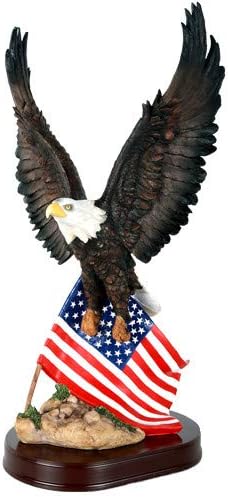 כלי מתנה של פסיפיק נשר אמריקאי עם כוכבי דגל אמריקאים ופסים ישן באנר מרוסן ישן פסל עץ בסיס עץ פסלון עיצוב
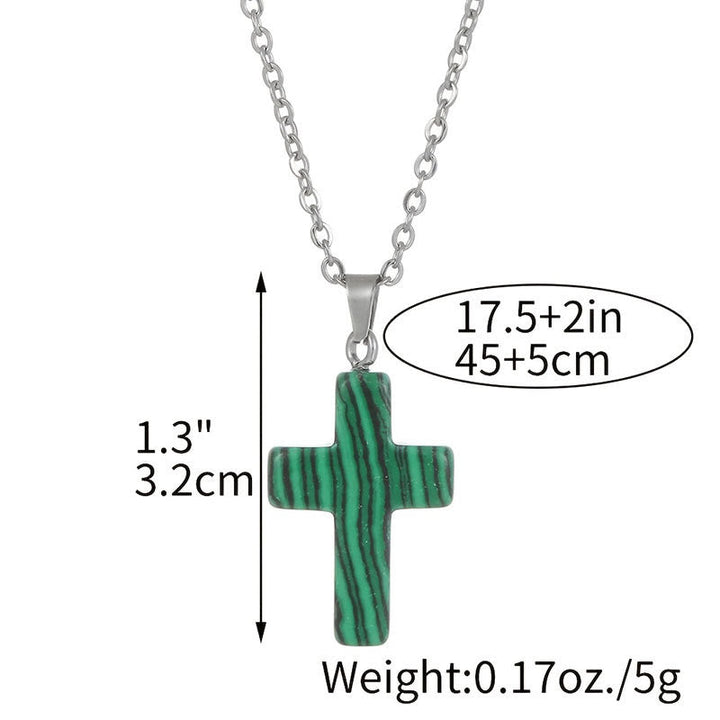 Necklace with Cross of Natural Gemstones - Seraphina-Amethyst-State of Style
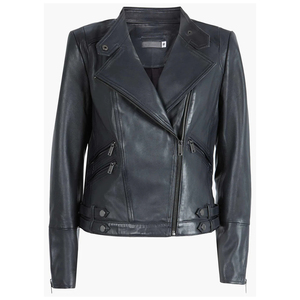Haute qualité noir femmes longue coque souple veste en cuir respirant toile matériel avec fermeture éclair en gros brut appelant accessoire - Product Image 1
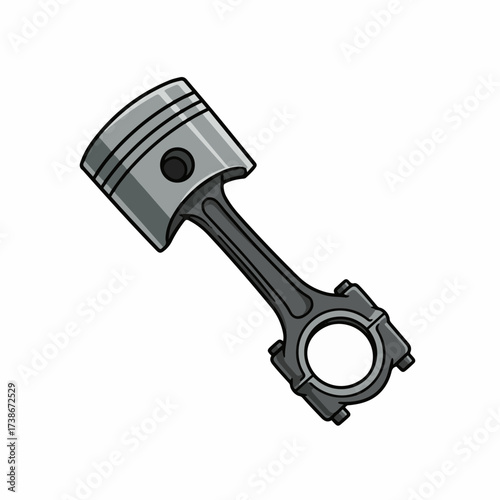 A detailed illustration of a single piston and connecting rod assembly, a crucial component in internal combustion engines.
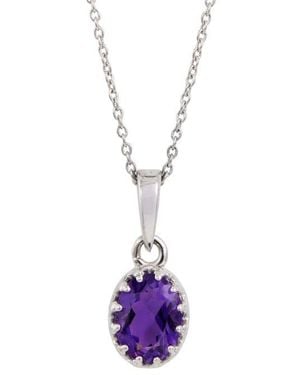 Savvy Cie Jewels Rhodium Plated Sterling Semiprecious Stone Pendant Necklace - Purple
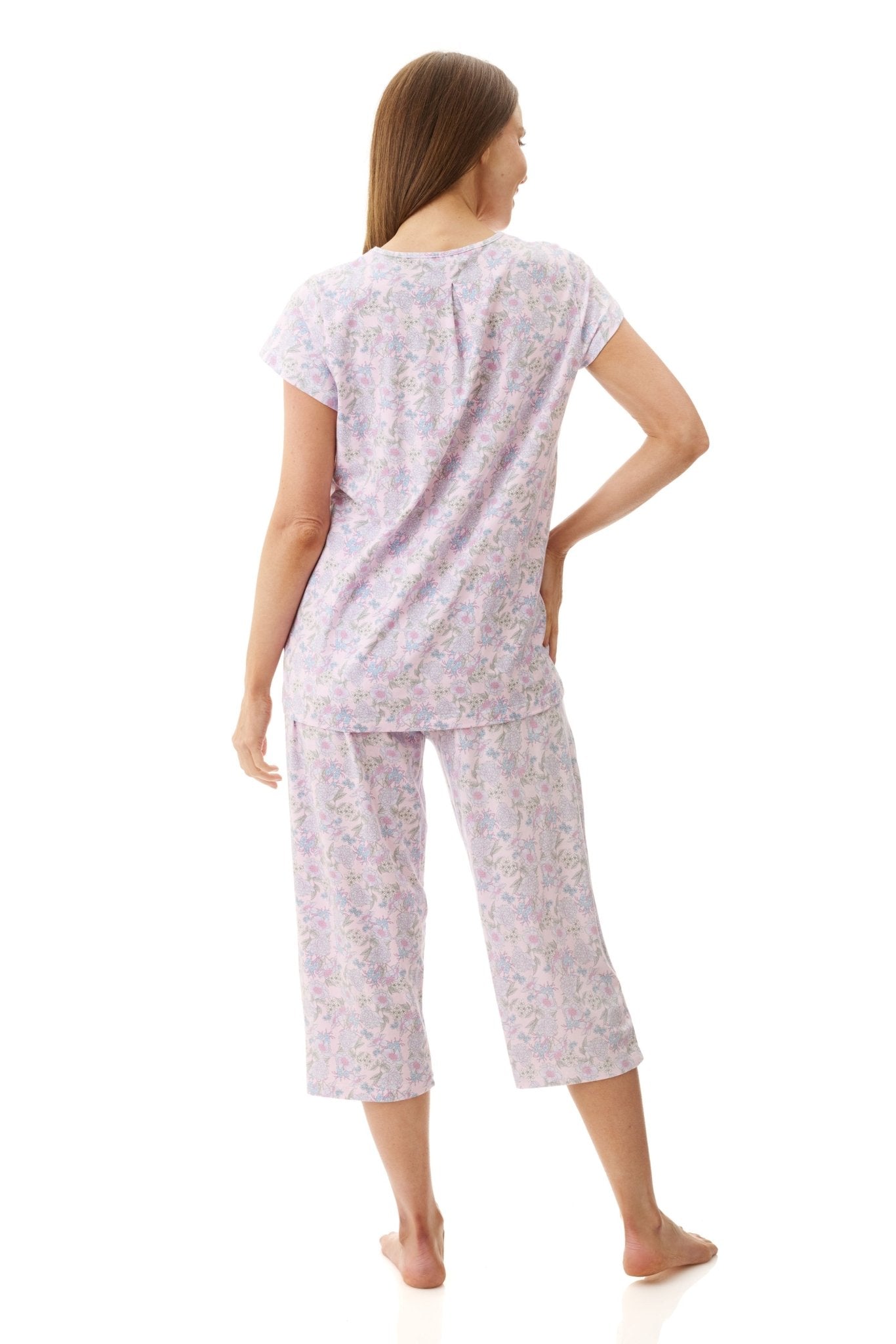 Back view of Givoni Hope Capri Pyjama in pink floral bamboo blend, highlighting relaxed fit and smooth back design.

++++++++++++++++++++

All entries, top to bottom, should be retyped exactly; the pictures should not be.

(ANSWER TO THE PROBLEM)
 כלי מתנה של פסיפיק נשר אמריקאי עם כוכבי דגל אמריקאים ופסים ישן באנר מרוסן ישן פסל עץ בסיס עץ פסלון עיצוב
 Necklace with Cross of Natural Gemstones - Seraphina-Amethyst-State of Style
Haute qualité noir femmes longue coque souple veste en cuir respirant toile matériel avec fermeture éclair en gros brut appelant accessoire - Product Image 1
 A detailed illustration of a single piston and connecting rod assembly, a crucial component in internal combustion engines.
 Savvy Cie Jewels Rhodium Plated Sterling Semiprecious Stone Pendant Necklace - Purple
 Back view of Givoni Hope Capri Pyjama in pink floral bamboo blend, highlighting relaxed fit and smooth back design.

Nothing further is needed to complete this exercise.